Wir begegnen diesen Risiken durch die Beobachtung von Veränderungen in den regulatorischen Anforderungen mit dem Ziel, diese im Unternehmen angemessen zu adressieren. Unsere globale geschäftliche Präsenz bündelt unser umfassendes Produkt-Portfolio und unterstützt unsere Nachhaltigkeits-Ambitionen. Außerdem stellen wir uns fortlaufend auf Basis unserer Forschung und Entwicklung sowie durch Akquisitionen und Partnerschaften auf neue Herausforderungen ein und entwickeln unser Produkt-Portfolio in Hinblick auf zu erwartende Veränderungen weiter. Unser kontinuierlicher Behördendialog in allen bedeutenden Märkten mit dem Ziel von Entscheidungen auf Grundlage wissenschaftlich fundierter Kriterien ist dabei ein zentrales Instrument zur Mitigation möglicher Risiken.

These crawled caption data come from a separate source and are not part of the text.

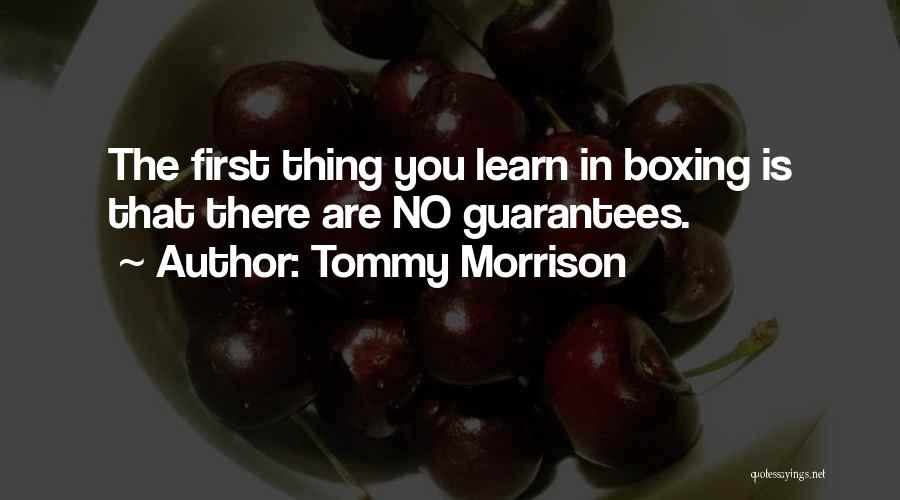 Tommy Morrison Quotes: The First Thing You Learn In Boxing Is That There Are No Guarantees.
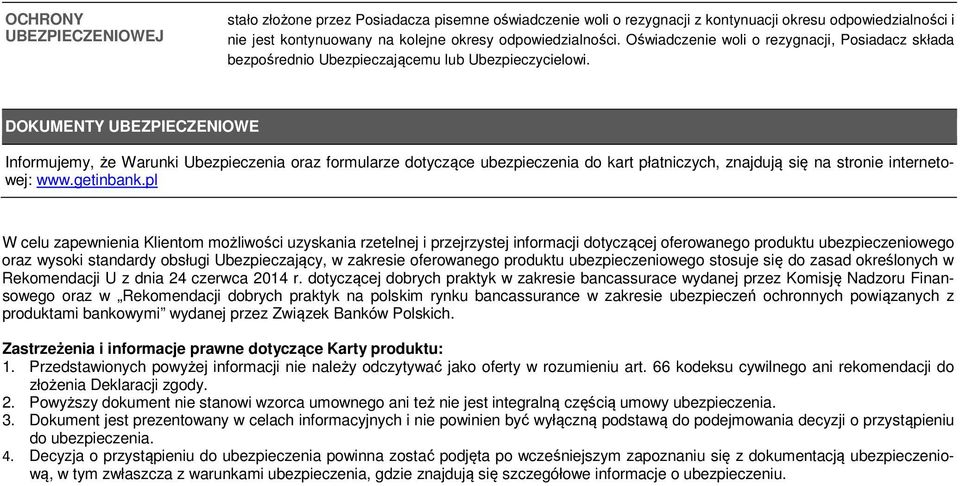 DOKUMENTY UBEZPIECZENIOWE Informujemy, że Warunki Ubezpieczenia oraz formularze dotyczące ubezpieczenia do kart płatniczych, znajdują się na stronie internetowej: www.getinbank.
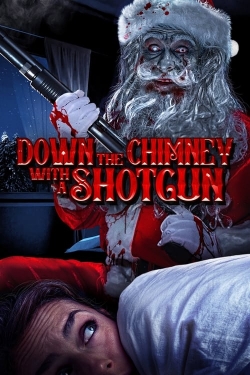 Watch Down the Chimney with a Shotgun (2022) Online FREE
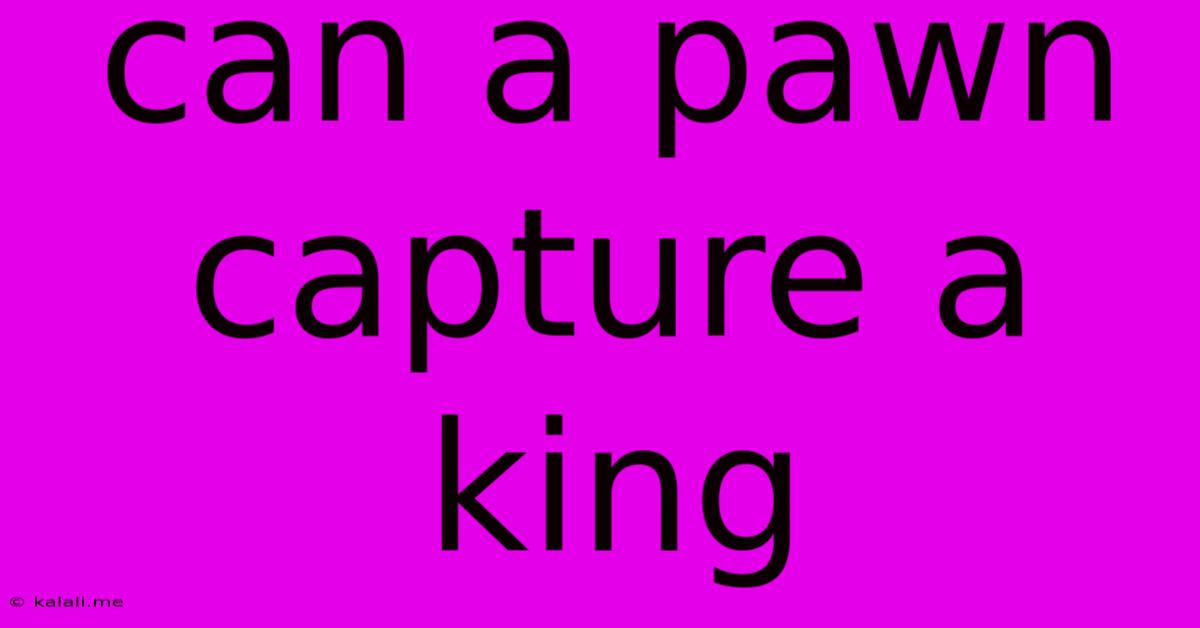 Can A Pawn Capture A King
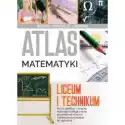  Atlas Matematyki. Liceum I Technikum 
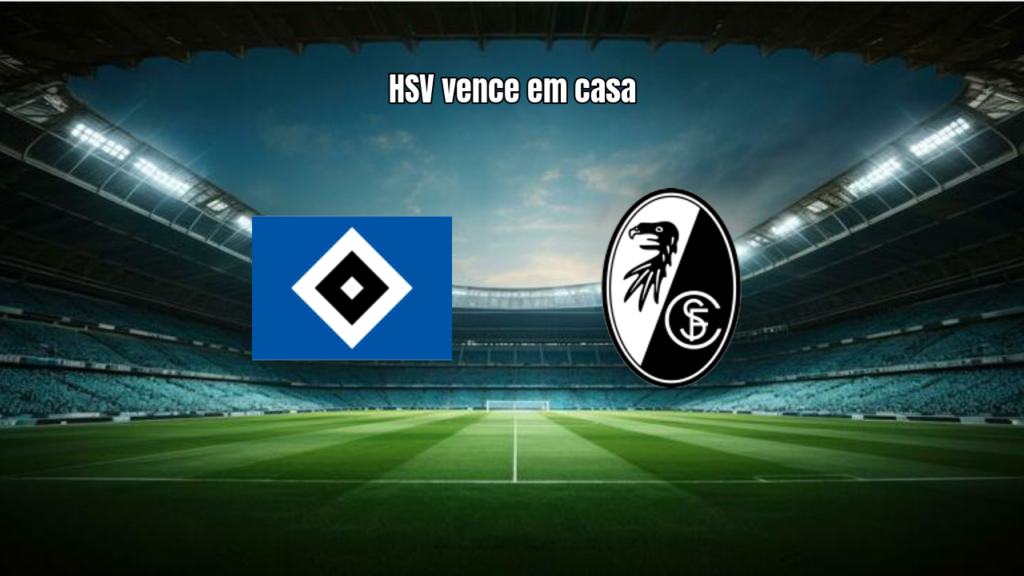 Hamburger SV 3×2 SC Freiburg: Destaques da Partida na Bundesliga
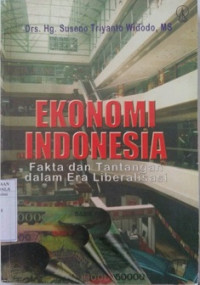 Ekonomi Indonesia Fakta Dan Tantangan Dalam Era Liberalisasi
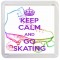 Keep Calm and Go Skating - Small Coaster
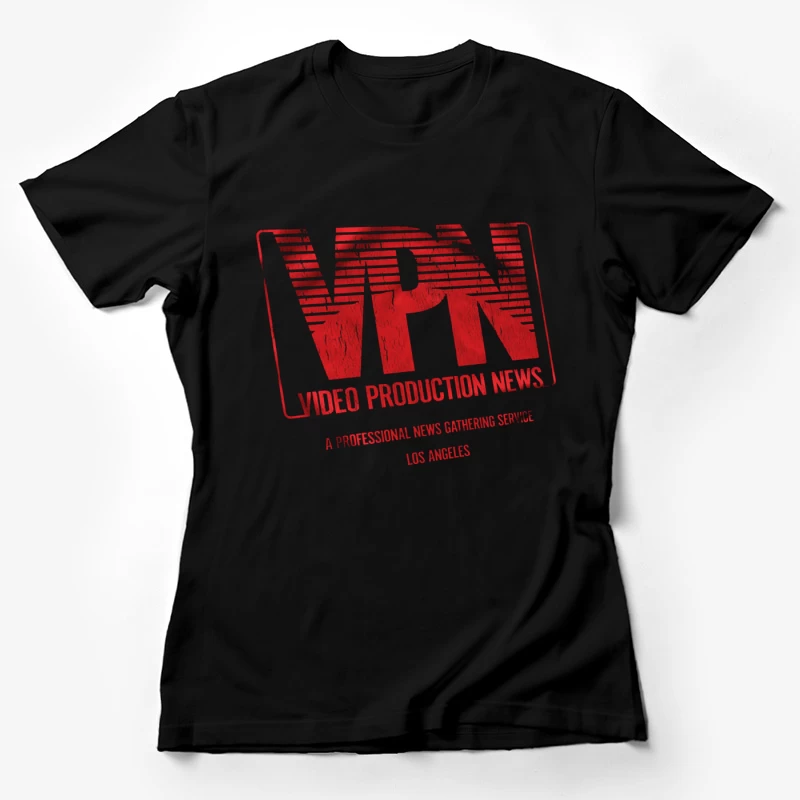 VPN Video Production News Logo Female T-Shirt
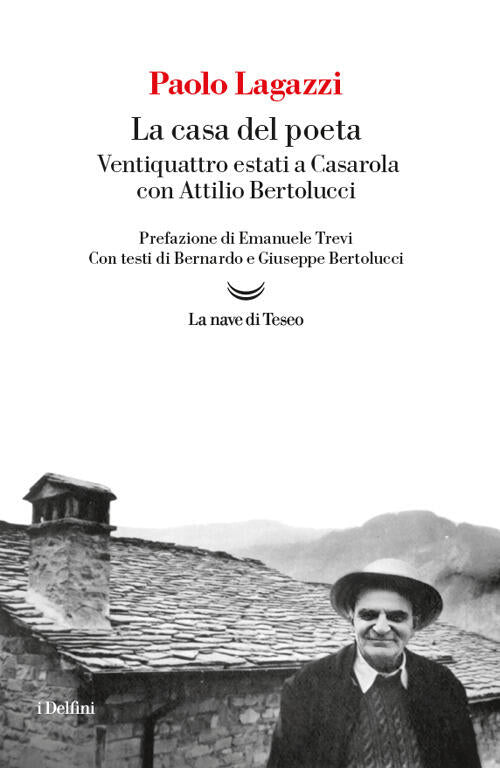 La Casa Del Poeta. Ventiquattro Estati A Casarola Con Attilio Bertolucci Paolo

Geschäftsstrategie (Mittel: Pharmaceuticals)
Unsere Geschäftsstrategie ist auf Innovationen ausgerichtet, die grundsätzlich mit Risiken verbunden sind. In unserer Division Pharmaceuticals sehen wir Herausforderungen sowohl in Bezug auf den Aufbau neuer Therapie-Plattformen wie der Zell- und Gentherapie als auch in Bezug auf die Weiterentwicklung etablierter Therapiegebiete mit innovativen Lösungen. Falls sich solche Risiken materialisieren, könnten daraus für uns bspw. nachteilige finanzielle Konsequenzen bzw. eine Schädigung unserer Reputation resultieren. Wir begegnen diesen Risiken mit der Anpassung unserer Organisation und unserer Prozesse an die bestehenden Herausforderungen.
Forschung und Entwicklung (Hoch: Pharmaceuticals, Mittel: Crop Science)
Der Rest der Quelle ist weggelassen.